After gawking at the sight of 42 storeys of Gothic Revival architecture, it is necessary to take a tour of the Nationality Rooms. Pittsburghers from 27 different countries have banded together to design these wondrous classrooms. There is even a brick from No 10, Downing Street set into the wall of the English classroom3. Take the virtual tour online, and you will be prepared to annoy the Quo Vadis guide with your superior knowledge and pointed questions – such as what happened to the books the Bund placed in the German classroom. (They were Nazi. They were quietly removed.)
Wear your walking shoes to Oakland. You and your visitors will want to stroll around, admiring the variety of architectural styles within a few blocks of the Cathedral. Behind the Cathedral is a another Gothic structure. You might see a wedding party coming out of Heinz Chapel4, a gem of a Gothic chapel with rather more secular windows than you're used to – in addition to religious figures, you will find allegorical figures, Beethoven, and even the search for the Holy Grail. There's Soldiers' and Sailors' Memorial Hall, a magnificent temple to civil religion built by the Grand Army of the Republic5. It features a museum and public rooms that can be rented. A historical note: Southern Baptists began their foray into Pittsburgh by holding meetings there in the 1960s. They were required by the rules to salute the US flag before each service began – under a portrait of General William Tecumseh Sherman. The displaced Southerners found this amusing.

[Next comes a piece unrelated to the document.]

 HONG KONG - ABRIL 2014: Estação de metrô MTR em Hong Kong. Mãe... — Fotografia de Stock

Another must-see edifice is Frick Fine Arts, a Renaissance-style art museum belonging to the University of Pittsburgh. It houses a superior collection of reproductions of great art works. Helen Clay Frick, the rich patron who lent her name to the building, was a dedicated collector of art works, many of them forgeries. (Dedication does not always equal expertise.)

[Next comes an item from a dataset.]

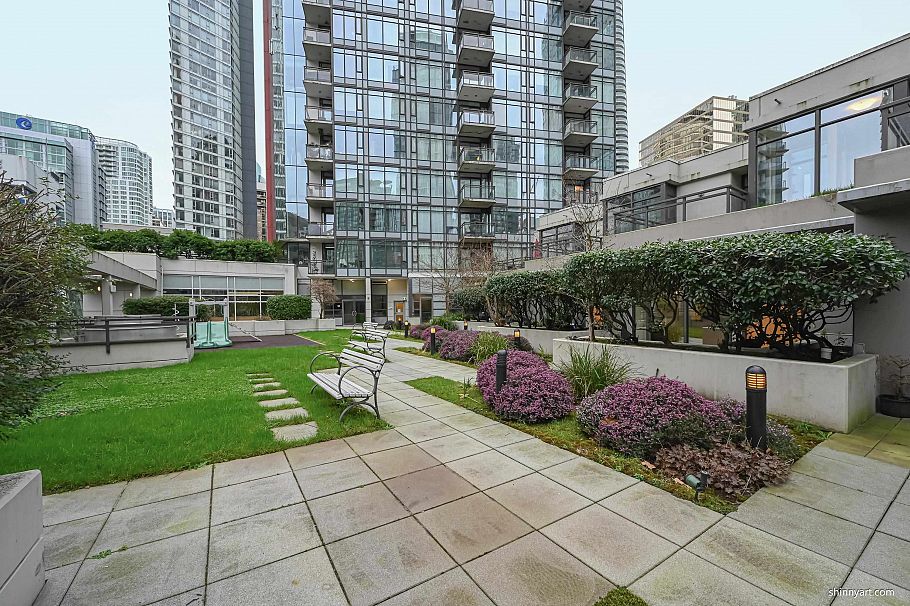 303 1211 MELVILLE STREET, Vancouver BC V6E 0A7 Vancouver, BC - 12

If you are already at the art museum, time permitting, you and your visitors may care to take a walk through neighbouring Phipps Conservatory, a botanical garden. From there, it is a short walk to Schenley Park, with its famous Panther Hollow. It is likely that the only Panthers you will see these days belong to the university's football team, but the area once harboured mountain lions6.
From your tour of the park, a walk back to Forbes Ave will take you past the intriguing Carnegie Library, one of many built by the great Scots American philanthropist and strikebreaker. Marvel, but hurry on past Forbes Ave (which is one-way) to Fifth Ave, where a bus will soon come along to take you back downtown.
If you've planned it right, your guests are now footsore but happy, and just have time for a bite at one of the many fine downtown restaurants before catching the limo back to the airport. You have pleased your visitors – you have delighted, informed, and fed them. Best of all, you are now rid of them, and can go home to North Hills and get a good night's sleep before you face the horrors of the Monday commute you didn't tell them about.